• Work to be completed
From the first line of the entries below to the line with "elvesmall Women Genuine", give each line again exactly.

□ □ □

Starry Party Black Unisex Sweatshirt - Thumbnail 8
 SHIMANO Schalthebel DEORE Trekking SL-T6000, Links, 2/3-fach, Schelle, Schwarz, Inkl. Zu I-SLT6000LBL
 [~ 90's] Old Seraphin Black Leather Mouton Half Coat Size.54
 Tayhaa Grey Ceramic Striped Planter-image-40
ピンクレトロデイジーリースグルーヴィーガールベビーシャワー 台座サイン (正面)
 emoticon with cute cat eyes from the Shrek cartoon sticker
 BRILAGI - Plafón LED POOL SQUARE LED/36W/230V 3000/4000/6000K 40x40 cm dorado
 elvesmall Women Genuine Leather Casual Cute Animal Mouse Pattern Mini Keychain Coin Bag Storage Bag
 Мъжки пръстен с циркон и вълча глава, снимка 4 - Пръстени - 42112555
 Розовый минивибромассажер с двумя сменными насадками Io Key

□ □ □

• Your response
Starry Party Black Unisex Sweatshirt - Thumbnail 8
 SHIMANO Schalthebel DEORE Trekking SL-T6000, Links, 2/3-fach, Schelle, Schwarz, Inkl. Zu I-SLT6000LBL
 [~ 90's] Old Seraphin Black Leather Mouton Half Coat Size.54
 Tayhaa Grey Ceramic Striped Planter-image-40
ピンクレトロデイジーリースグルーヴィーガールベビーシャワー 台座サイン (正面)
 emoticon with cute cat eyes from the Shrek cartoon sticker
 BRILAGI - Plafón LED POOL SQUARE LED/36W/230V 3000/4000/6000K 40x40 cm dorado
 elvesmall Women Genuine Leather Casual Cute Animal Mouse Pattern Mini Keychain Coin Bag Storage Bag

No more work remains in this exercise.